__What to work on__.
Among the entries below, find the line with "this 1024×768 image." and the line with "this 845×633 image.". Return exactly those lines and every line between them, but no pictures.

__Material for this task__.
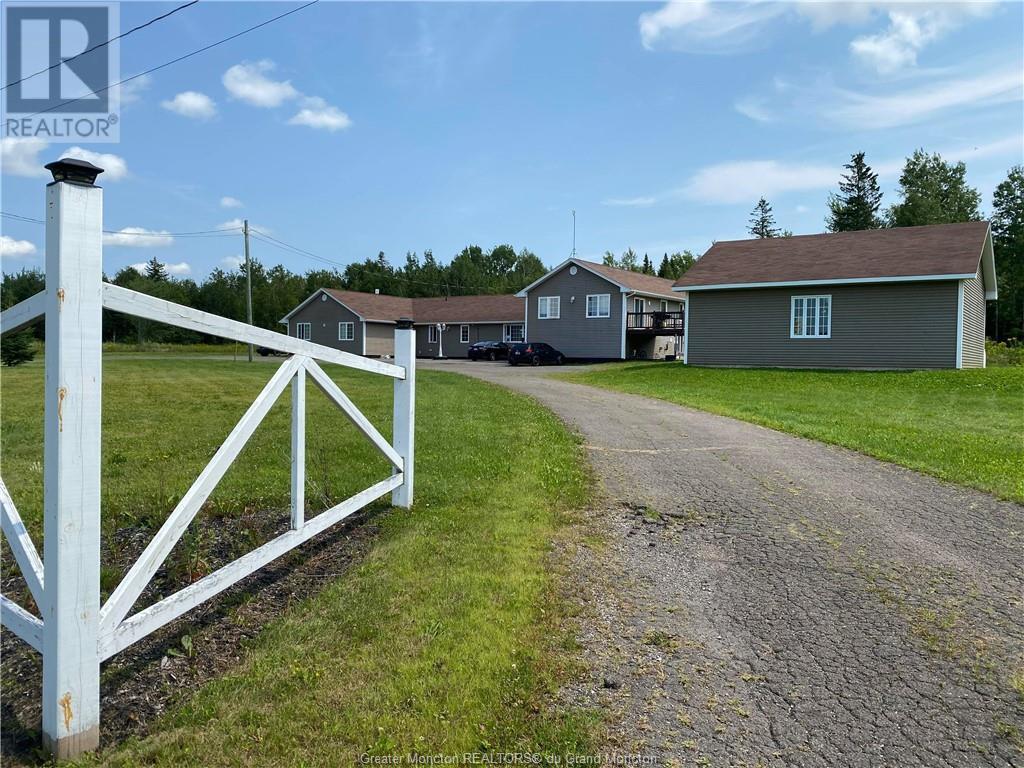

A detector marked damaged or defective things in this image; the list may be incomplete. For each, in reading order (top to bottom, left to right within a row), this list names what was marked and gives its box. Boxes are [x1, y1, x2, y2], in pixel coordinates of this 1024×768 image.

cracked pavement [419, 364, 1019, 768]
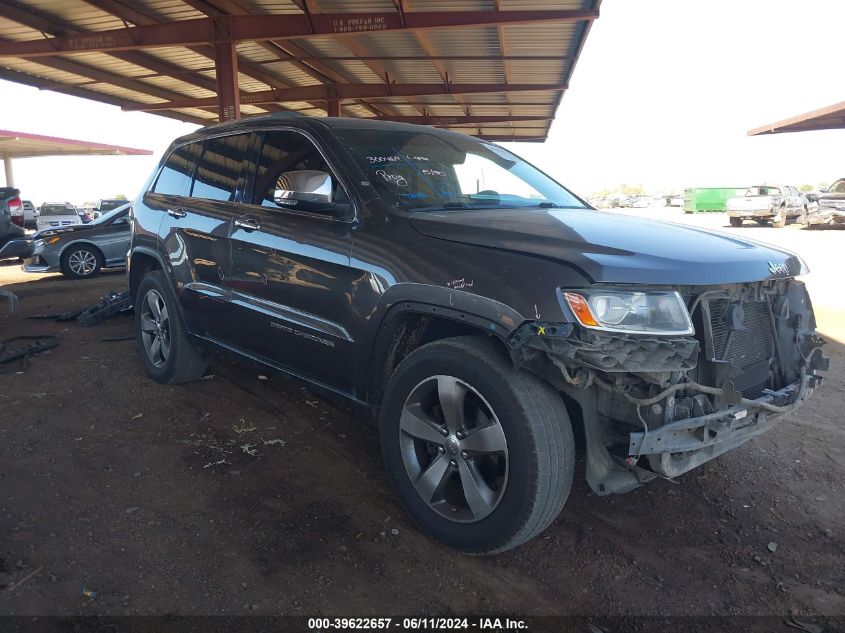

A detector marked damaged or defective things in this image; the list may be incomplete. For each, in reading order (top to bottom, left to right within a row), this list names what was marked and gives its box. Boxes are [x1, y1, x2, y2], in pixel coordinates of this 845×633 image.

==

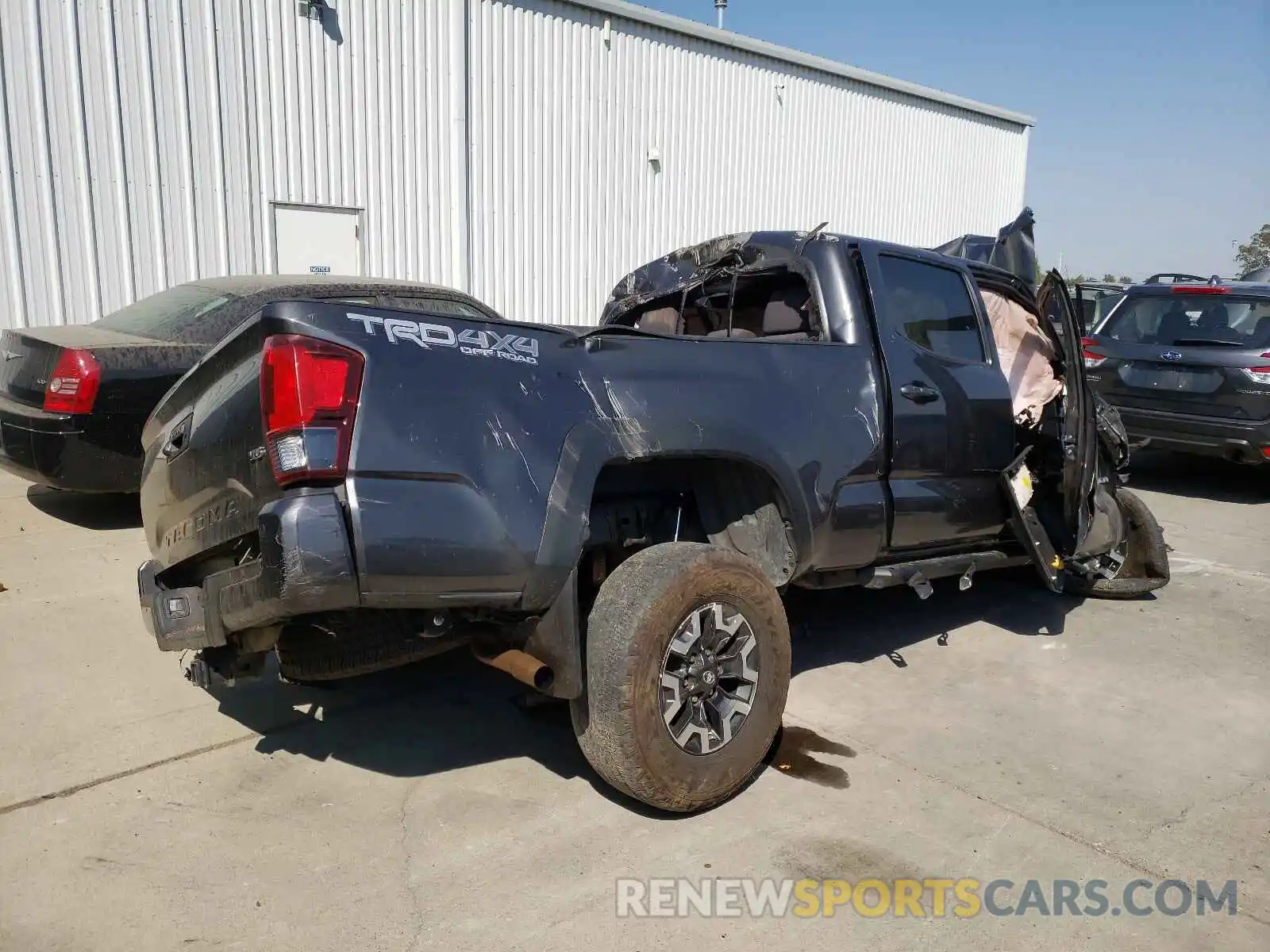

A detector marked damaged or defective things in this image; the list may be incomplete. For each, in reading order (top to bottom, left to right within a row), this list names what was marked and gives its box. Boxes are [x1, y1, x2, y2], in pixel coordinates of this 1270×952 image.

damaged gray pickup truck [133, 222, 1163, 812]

...

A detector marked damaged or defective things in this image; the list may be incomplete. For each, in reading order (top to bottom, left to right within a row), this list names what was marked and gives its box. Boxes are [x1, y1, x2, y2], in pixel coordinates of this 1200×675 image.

__Solution below__.
A detector marked damaged or defective things in this image; the list may be incomplete. For each, in reading order (top to bottom, left to right within a row), this list names what was marked and gives its box. Boxes are [x1, y1, x2, y2], in pixel coordinates of this 1024×768 image.

cracked pavement [419, 364, 1019, 768]

A detector marked damaged or defective things in this image; the list may be incomplete. For each, in reading order (top to bottom, left to right within a row), this list names what was marked and gives its box. Boxes are [x1, y1, x2, y2], in pixel coordinates of this 845×633 image.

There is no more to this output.